Restate, exactly and without pictures, the lines from the start of the listing below through the line holding "Full Size Upholstered".

------------------------

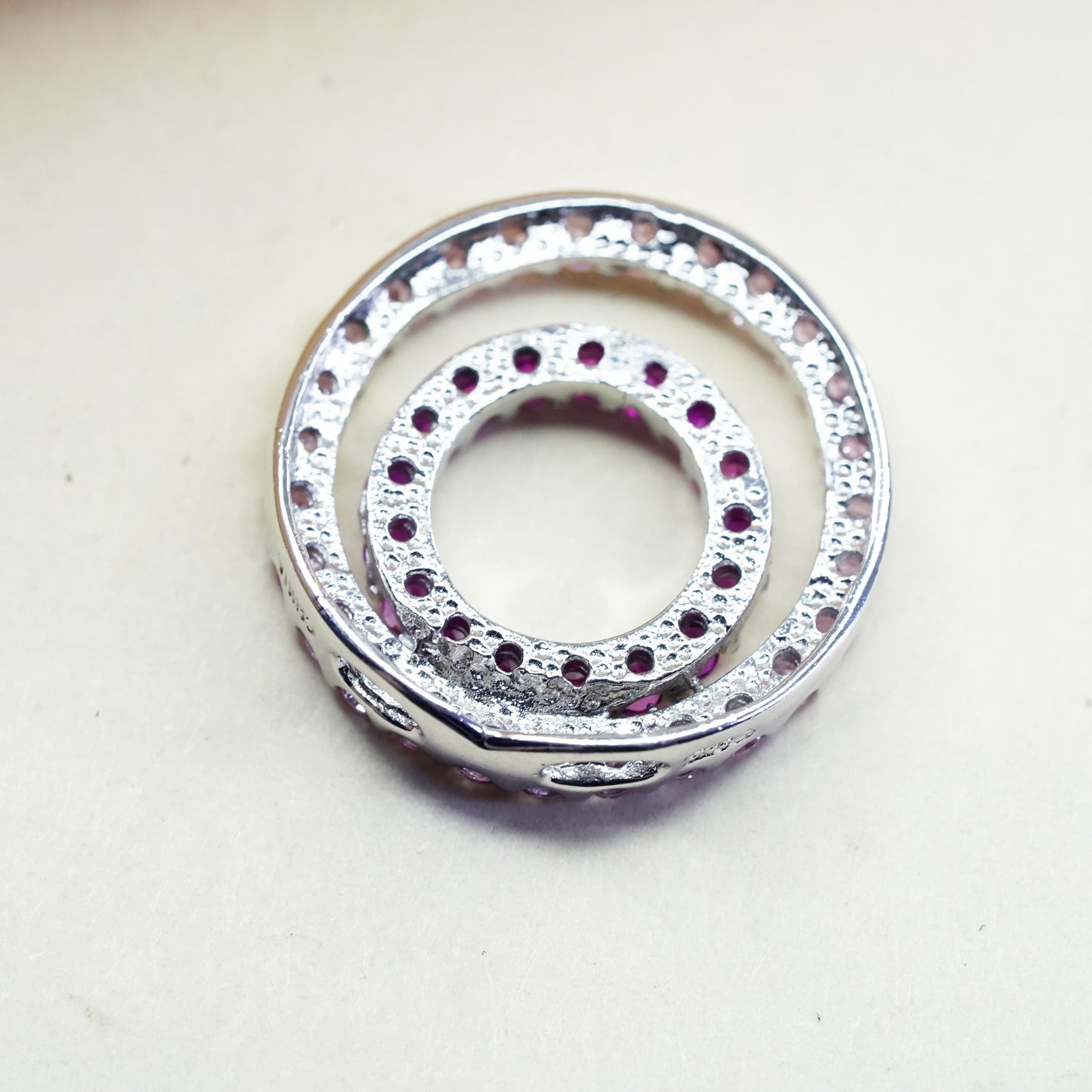 Vintage sterling silver Pendant, 925 double circle with ruby and pink crystal
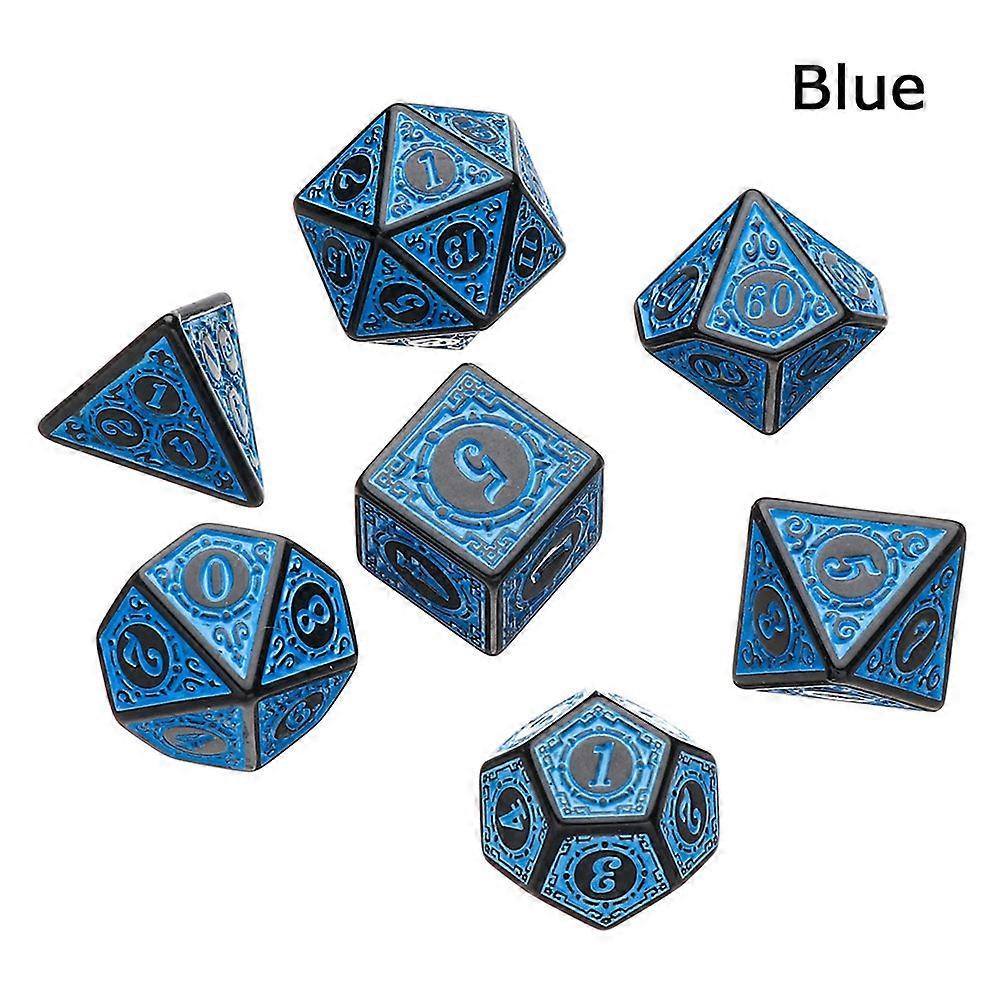 Red 7 Pcs for TRPG DND Dice Set Acrylic Multi-Sided 7-Die D4-D20 Polyhedral Dice Table Game Math Tabletop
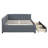 Full Size Upholstered Daybed with 2 Storage Drawers, Linen Sofa Bed Frame, No Box Spring Needed (Gray)-118661122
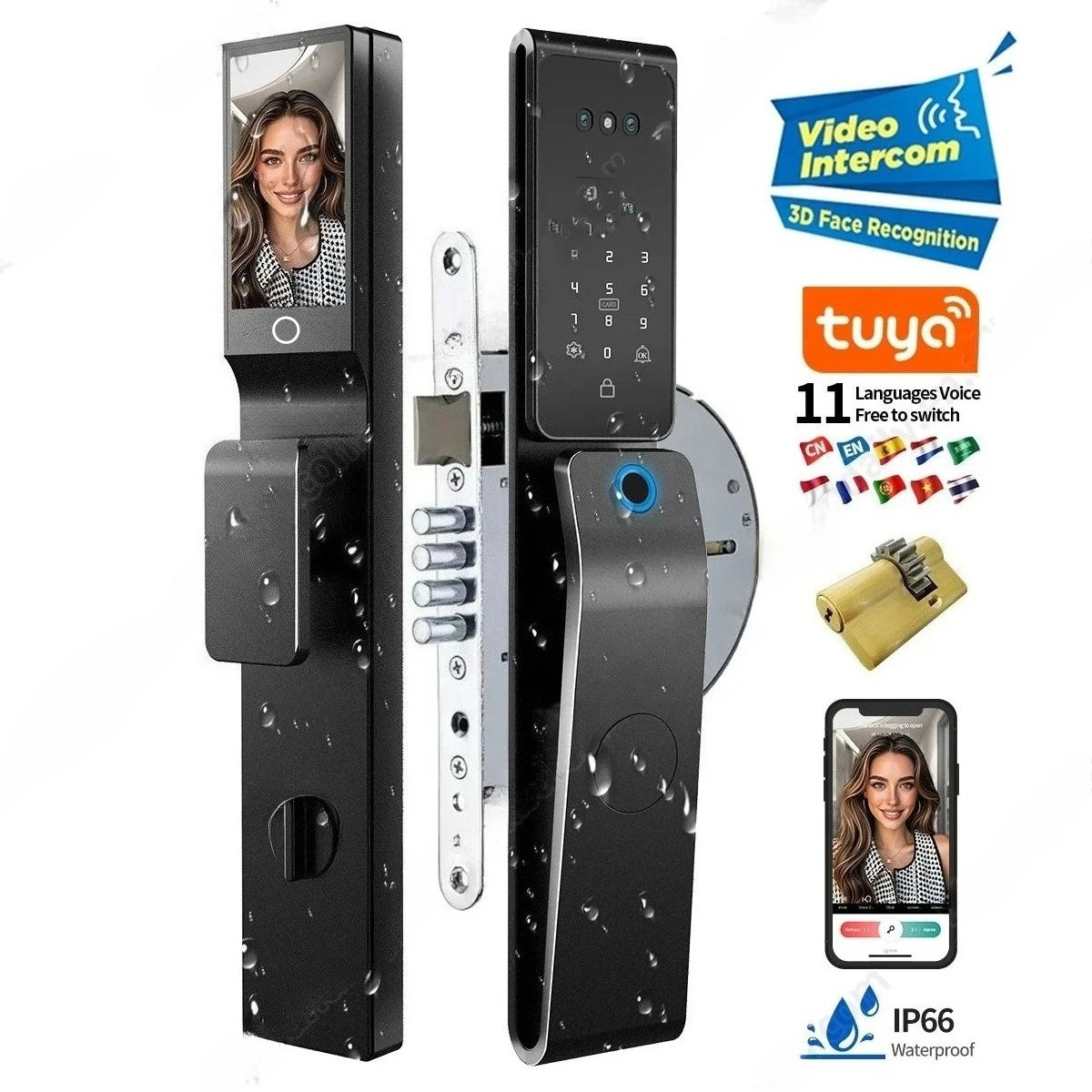 2026 New Tuya 3D Face Palm Recognition Smart Lock Durable Electronic Lock Waterproof Digital Lock Suitable for Europe, Israel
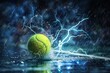 Thunderous Tennis Ball Splashing in Rainstorm with Dramatic Lighting and Vibrant Reflection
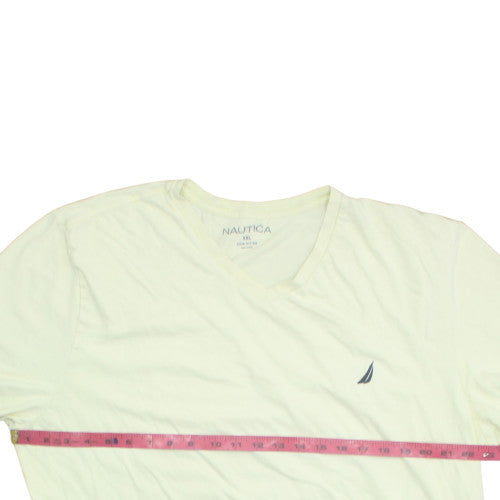 Nautica Men's Beige V-Neck Cotton T-Shirt 2XL Nautical Style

------------------------

■ **Result of the task**
 Vintage sterling silver Pendant, 925 double circle with ruby and pink crystal
 Red 7 Pcs for TRPG DND Dice Set Acrylic Multi-Sided 7-Die D4-D20 Polyhedral Dice Table Game Math Tabletop
 Full Size Upholstered Daybed with 2 Storage Drawers, Linen Sofa Bed Frame, No Box Spring Needed (Gray)-118661122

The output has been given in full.